Es importante reconocer que ninguno de los escenarios de choque descritos anteriormente será inevitable, lineal o uniforme en todas las geografías. Los países tendrán experiencias considerablemente diferentes por dos razones: la resistencia estructural de las economías para absorber dichas conmociones - llámese destino - y la capacidad de los investigadores médicos y de los responsables políticos para responder de nuevas formas a un reto sin precedentes - llámese innovación. ¿Pueden crear intervenciones novedosas, a una velocidad sin precedentes, que rompan el intratable y poco atractivo equilibrio entre la pérdida de vidas y la creación de miseria económica?

Desde el punto de vista médico: está claro que una vacuna reduciría la necesidad de distanciamiento social y, por tanto, relajaría el asfixiante control de la política sobre la economía mundial. Pero es probable que los plazos sean largos, por lo que es muy posible que haya que centrarse en la innovación incremental dentro de los límites de las soluciones existentes.

Se pueden encontrar ejemplos de este tipo de innovación en todo el espectro médico: en el extremo terapéutico, los tratamientos existentes pueden resultar eficaces para combatir la enfermedad. Actualmente se están evaluando varias docenas de tratamientos existentes. En el otro extremo del espectro, será necesaria la innovación organizativa para liberar la capacidad de satisfacer la demanda de recursos, como la movilización óptima de los profesionales médicos, la reutilización de espacios para el tratamiento y los cambios en el triaje de la atención médica para dar prioridad a la crisis del Covid-19.
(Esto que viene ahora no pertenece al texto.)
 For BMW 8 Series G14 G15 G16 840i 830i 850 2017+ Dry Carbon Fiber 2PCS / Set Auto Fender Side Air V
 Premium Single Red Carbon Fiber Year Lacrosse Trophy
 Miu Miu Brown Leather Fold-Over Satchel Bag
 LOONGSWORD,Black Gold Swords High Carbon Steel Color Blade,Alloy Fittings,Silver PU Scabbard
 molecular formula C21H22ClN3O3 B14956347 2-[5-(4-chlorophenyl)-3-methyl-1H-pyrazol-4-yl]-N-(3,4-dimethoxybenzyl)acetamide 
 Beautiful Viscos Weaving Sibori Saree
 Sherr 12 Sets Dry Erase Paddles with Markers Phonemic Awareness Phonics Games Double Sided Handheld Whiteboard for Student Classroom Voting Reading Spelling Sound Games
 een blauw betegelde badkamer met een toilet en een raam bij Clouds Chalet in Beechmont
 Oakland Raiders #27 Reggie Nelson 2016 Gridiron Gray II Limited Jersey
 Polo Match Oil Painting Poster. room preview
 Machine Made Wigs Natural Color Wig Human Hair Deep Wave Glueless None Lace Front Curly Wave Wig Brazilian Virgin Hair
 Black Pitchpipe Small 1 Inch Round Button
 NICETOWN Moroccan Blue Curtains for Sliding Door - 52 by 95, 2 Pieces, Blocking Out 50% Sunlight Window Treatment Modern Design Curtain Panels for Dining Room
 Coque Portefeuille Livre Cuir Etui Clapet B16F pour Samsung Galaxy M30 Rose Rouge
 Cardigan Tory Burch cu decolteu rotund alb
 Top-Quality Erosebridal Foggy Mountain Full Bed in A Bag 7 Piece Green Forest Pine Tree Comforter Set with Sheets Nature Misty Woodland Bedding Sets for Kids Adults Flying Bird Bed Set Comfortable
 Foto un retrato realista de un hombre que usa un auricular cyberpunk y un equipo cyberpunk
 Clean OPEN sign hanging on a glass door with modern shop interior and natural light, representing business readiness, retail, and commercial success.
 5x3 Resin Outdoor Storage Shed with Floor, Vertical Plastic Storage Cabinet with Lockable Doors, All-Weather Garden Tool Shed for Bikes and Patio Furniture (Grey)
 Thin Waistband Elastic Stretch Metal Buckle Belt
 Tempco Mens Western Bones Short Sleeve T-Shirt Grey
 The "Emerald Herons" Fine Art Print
En el aspecto económico: En EE.UU., los políticos han aprobado un paquete de estímulo de 2 billones de dólares para suavizar el golpe de la crisis del coronavirus. Pero también habrá que innovar en las políticas. Por ejemplo, los bancos centrales gestionan las llamadas "ventanillas de descuento" que proporcionan financiación ilimitada a corto plazo para garantizar que los problemas de liquidez no quebranten el sistema bancario. Lo que se necesita ahora, hoy, es una "ventanilla de descuento de la economía real" que también pueda proporcionar liquidez ilimitada a los hogares y las empresas sólidas.

El panorama político emergente incluye muchas ideas que merecen la pena. Entre ellas se encuentran los "préstamos puente" que ofrecen préstamos sin intereses a los hogares y las empresas mientras dure la crisis y un generoso periodo de reembolso; una moratoria en los pagos hipotecarios para los prestatarios residenciales y comerciales; o utilizar a los reguladores bancarios para que se apoyen en los bancos a la hora de proporcionar financiación y reelaborar las condiciones de los préstamos existentes. Este tipo de innovación política podría tener un impacto significativo a la hora de suavizar el impacto del virus en el lado de la oferta de las economías. Sin embargo, también necesita una ejecución ágil y eficaz.

Creemos que existe la posibilidad de que la innovación evite una forma de U en toda regla, manteniendo la trayectoria del choque más cerca de una forma de V profunda de lo que sería posible de otro modo. Pero la batalla está en marcha, y sin innovación las probabilidades no están a favor del escenario menos dañino en forma de V.